After Blue (Dirty Paradise) Review
An acid western drenched in eroticism, After Blue (Dirty Paradise) is an unforgettable experience. With imagery that stains the mind and a dreamlike aesthetic that gives the entire film an otherworldly feeling, Bertrand Mandico utilizes his unique style of filmmaking to craft a film that could hang next to cult directors like Alejandro Jodorowsky and Lucio Fulci. Where an unappealing film may reside for some, After Blue (Dirty Paradise) consistently dazzles in its grotesque sights and haunting score.
Set in the future on a planet called After Blue, where only women can survive the atmosphere, young Roxy (Paula Luna) rescues a strange woman by the name of Kate Bush (Agata Buzek) from captivity under the sand. Unbeknownst to her, Bush was a convicted killer who is now running free and on an unstoppable rampage through the planet. Roxy and her hairdresser mother Zora (Elina Löwensohn) are cast out from their settlement in order to capture Kate Bush before she ruins the paradise of After Blue.
There’s hardly a moment in Mandico’s fever dream of a film that doesn’t look incredible. With a slightly faded look to every shot against brightly colored backgrounds and alien-looking production design, everything seems dreamlike. Occasionally it veers into a nightmare, but generally speaking, After Blue (Dirty Paradise) lives up to its name. Almost every component of the world created feels like it was washed ashore from the depths of the ocean where only the most resilient can survive. The entire environment is hostile and grotesque, but it adds up to a hallucination that is impossible to look away from and yet all you want to do is look away.
Roxy’s journey through After Blue is stopped occasionally to take a glimpse into the world.

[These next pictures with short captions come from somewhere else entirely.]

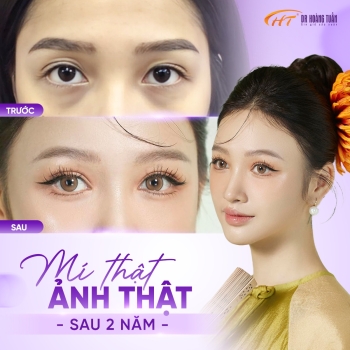 Nhấn mí lấy mỡ mắt là gì? Có nên thực hiện không?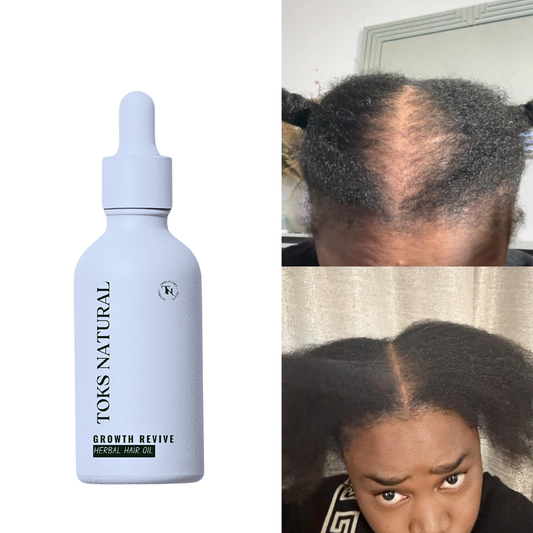 Toks Natural Growth Revive hair oil bottle with before and after hair growth comparison on a white background.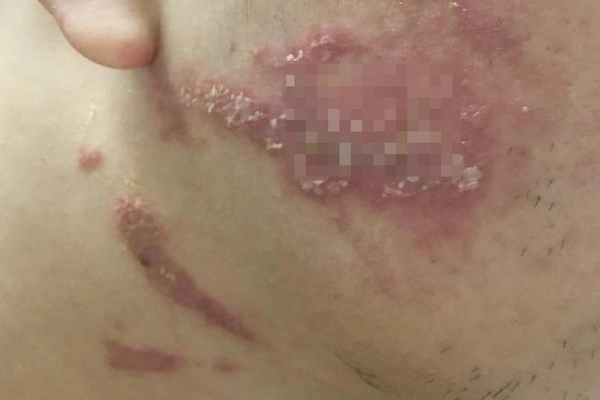 Sai lầm trong điều trị tổn thương do kiến ba khoang-3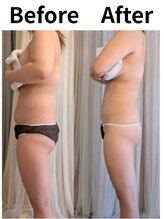 ポノ(pono)/WINBACK施術＆栄養療法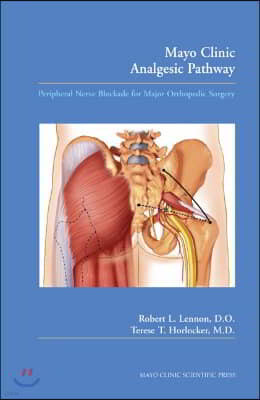 Mayo Clinic Analgesic Pathway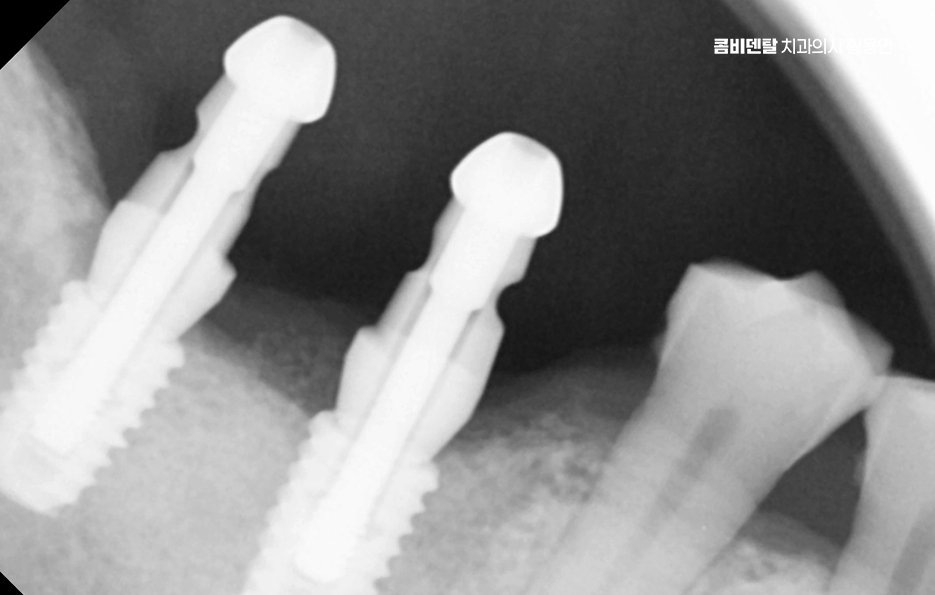 어금니 임플란트 과정 제대로 이해하려면 관련 이미지 8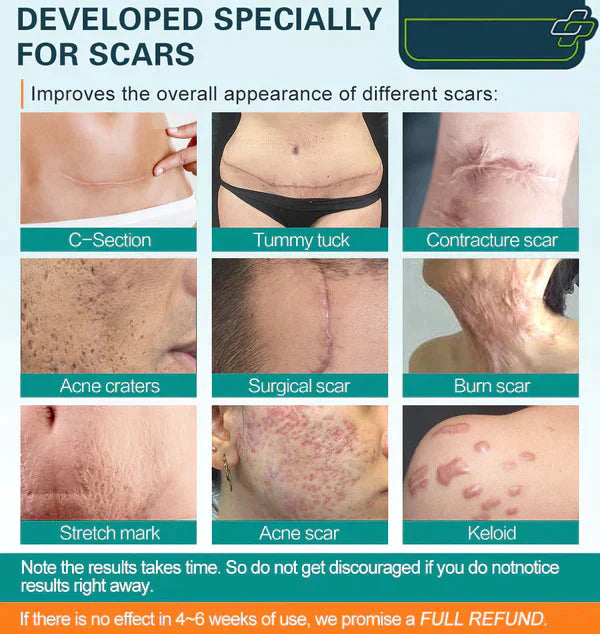 LOVILDS™ Advanced Scar Spray for all types of scars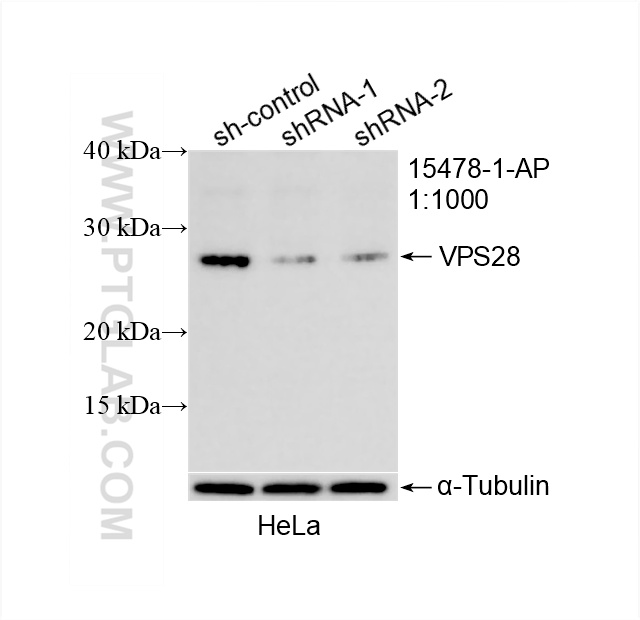 WB analysis of HeLa using 15478-1-AP (same clone as 15478-1-PBS)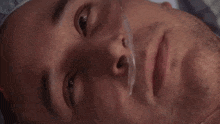 a close up of a man laying in a hospital bed with an oxygen mask on his nose .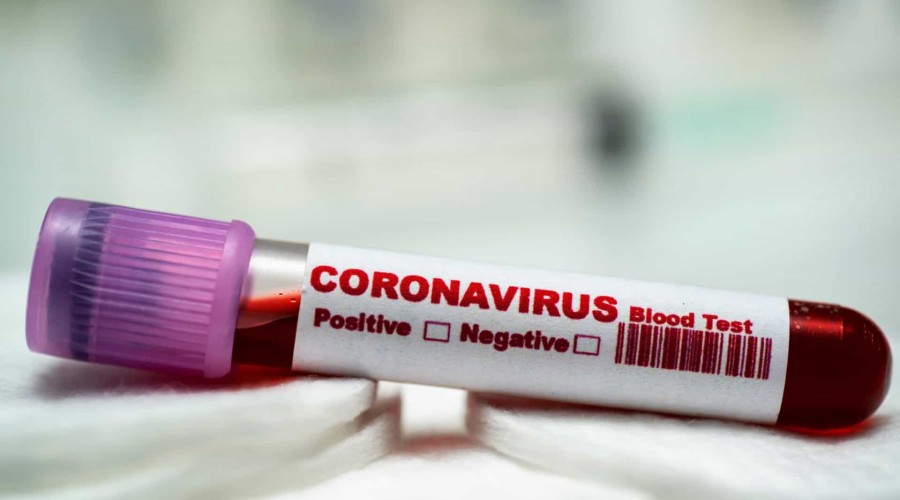 Brasil tem 1º resultado positivo para coronavírus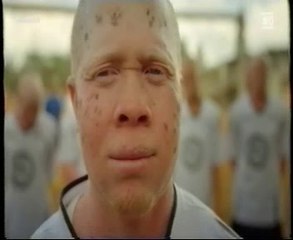 Albino United: Melanocitos y color de la piel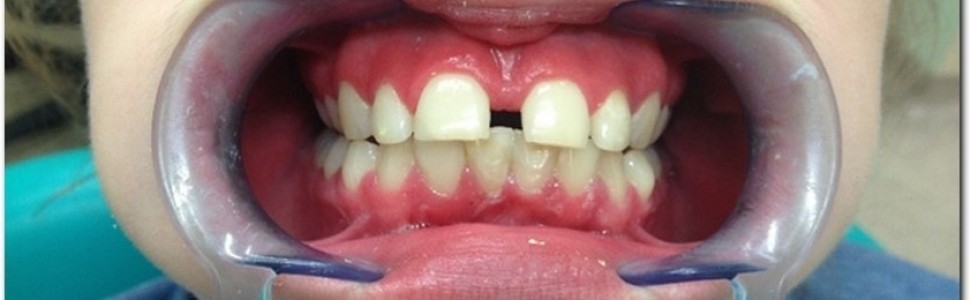Diastema – rutynowe leczenie czy wielkie wyzwanie ortodontyczne? Opis przypadku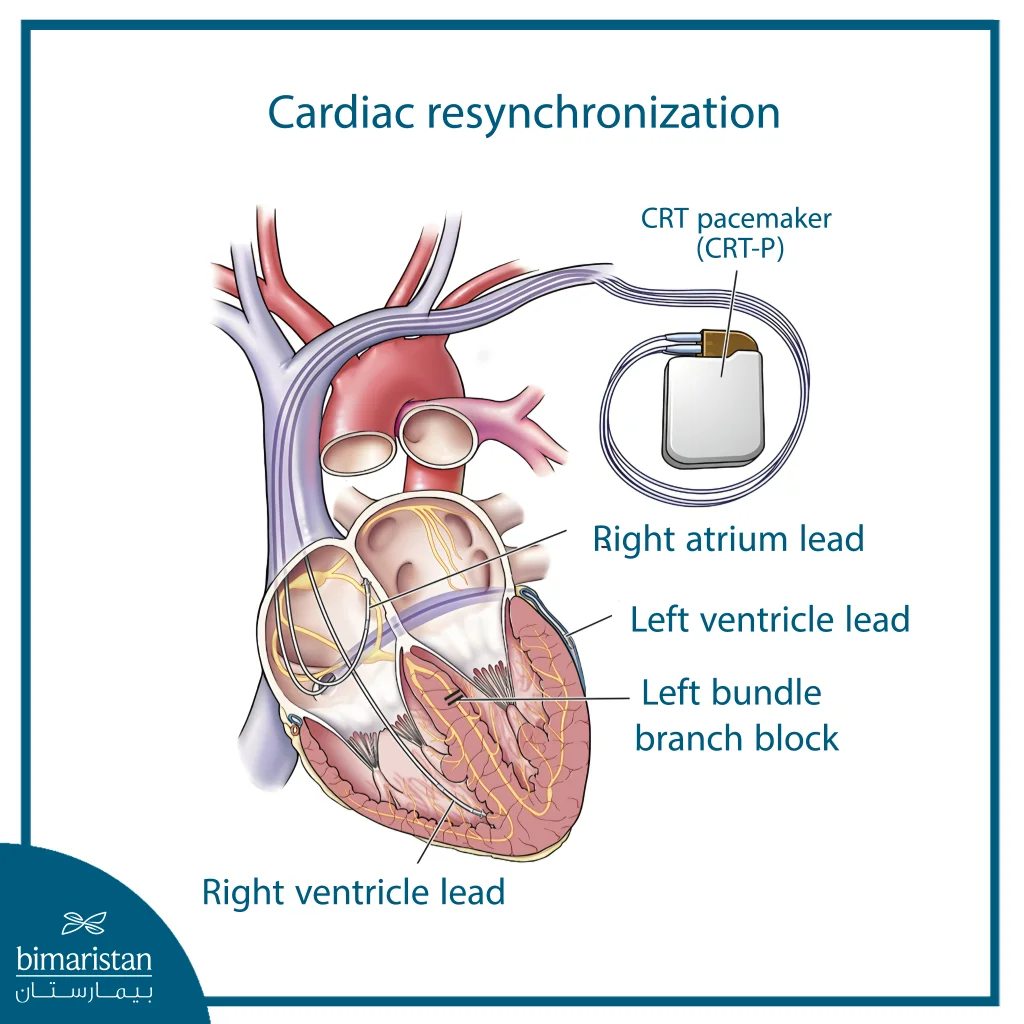 Illustration Of A Cardiac Resynchronization Therapy (Crt) Pacemaker Showing The Leads In The Right Atrium And Both Ventricles For Treating Left Bundle Branch Block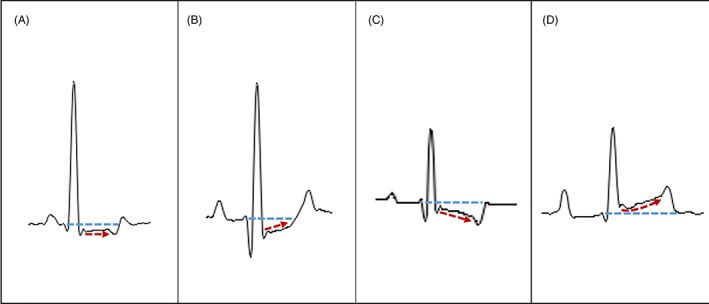 FIG 1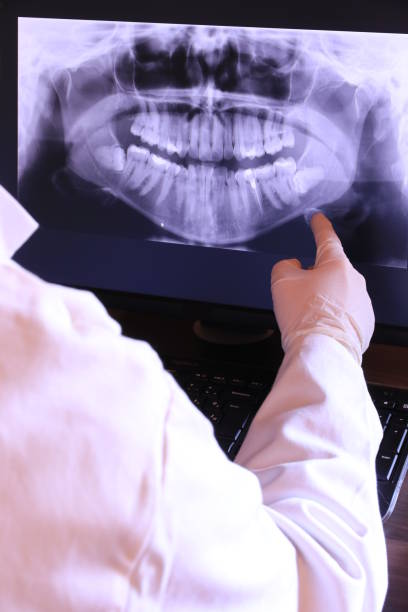 Best Emergency Gum Treatment in Millers Creek, NC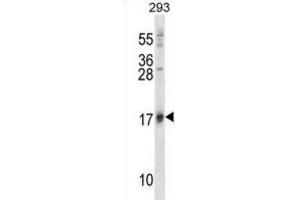 Western Blotting (WB) image for anti-ISG15 Ubiquitin-Like Modifier (ISG15) antibody (ABIN2996231) (ISG15 antibody)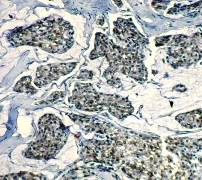Immunohistochemistry (Formalin/PFA-fixed paraffin-embedded sections) - Anti-Bcl-2 antibody [E17] (AB32124)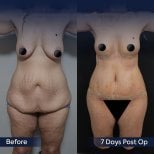 Before and after tummy tuck results at Dr. Safa Manav Clinic, visible abdominal contouring
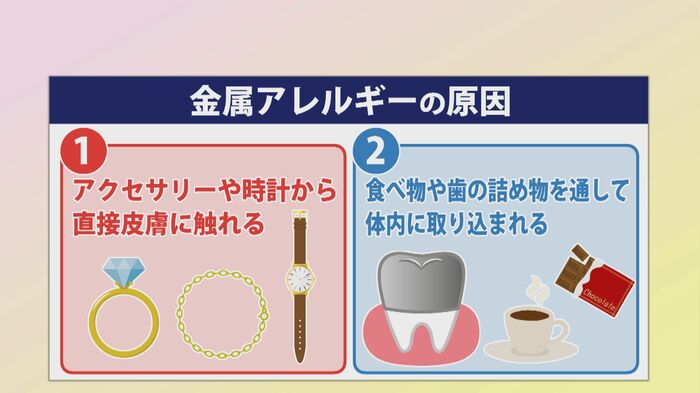 原因は大きく2つ
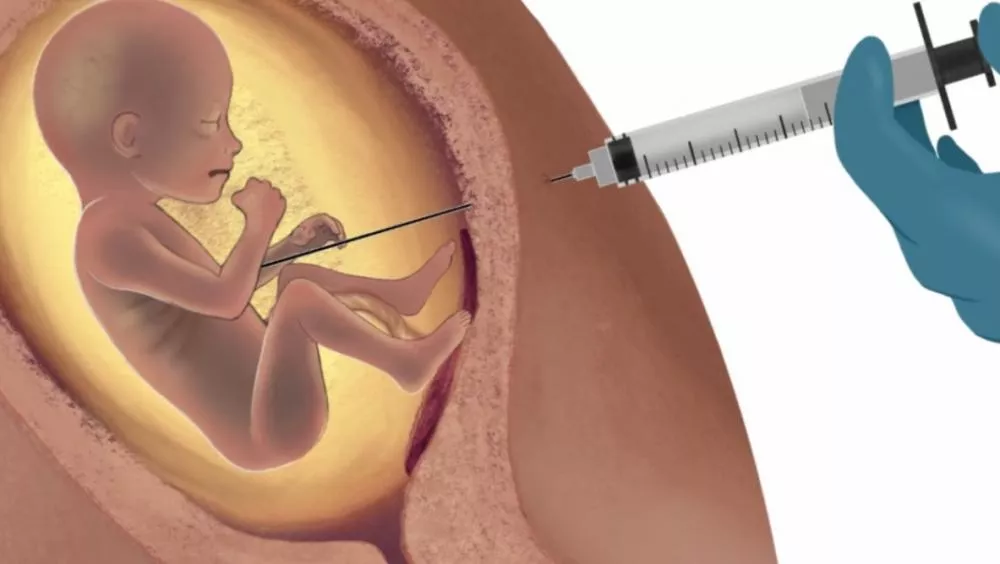 CCJ da Câmara aprova PEC que pode acabar com o aborto legal no Brasil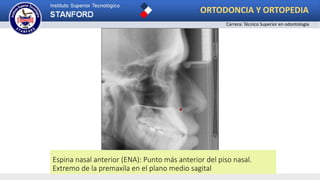 Espina nasal anterior (ENA): Punto más anterior del piso nasal.
Extremo de la premaxila en el plano medio sagital
ORTODONCIA Y ORTOPEDIA
Carrera: Técnico Superior en odontología
 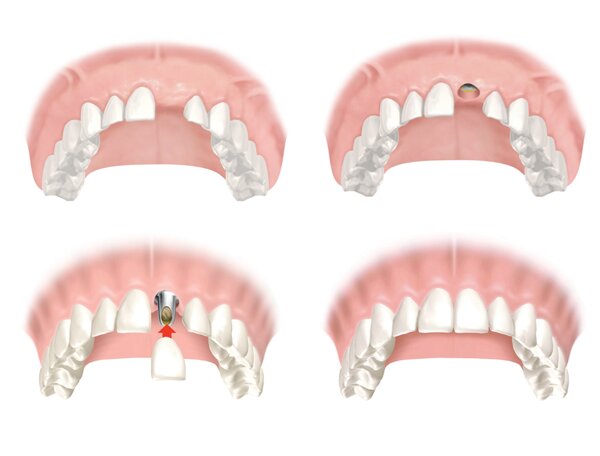 Trồng răng cửa bao nhiêu tiền với Implant?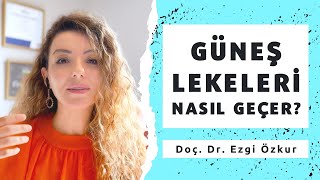 Güneş Lekeleri Nasıl Geçer Adan Zye Güneş Lekesi İçerikleri [upl. by Rehnberg]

As a young woman who has never left her village, everything she encounters is fascinating and alluring. After Blue (Dirty Paradise) frames what is essentially Roxy’s sexual awakening around a bounty hunt and the exploration of frontiers unknown. With a few key interactions, most of her journey is more mesmerizing to experience than it is to think about. There’s not really a lot to the film’s overall structure: it’s meandering and the lengthy runtime will push most audiences away.
Where After Blue (Dirty Paradise) is at its most engaging is when it marries its fantasy and western aesthetic into a psychedelic vision of the future. Picking at elements of what make up that aesthetic is where Mandico’s film comes alive. It’s as if Lucio Fulci directed a live-action version of 1973’s Fantastic Planet (in fact, frequently I was reminded of Fulci’s 1983 fantasy film, Conquest). Mandico ensures that even if After Blue (Dirty Paradise) isn’t capturing the audience’s attention narratively, he’s keeping your senses preoccupied.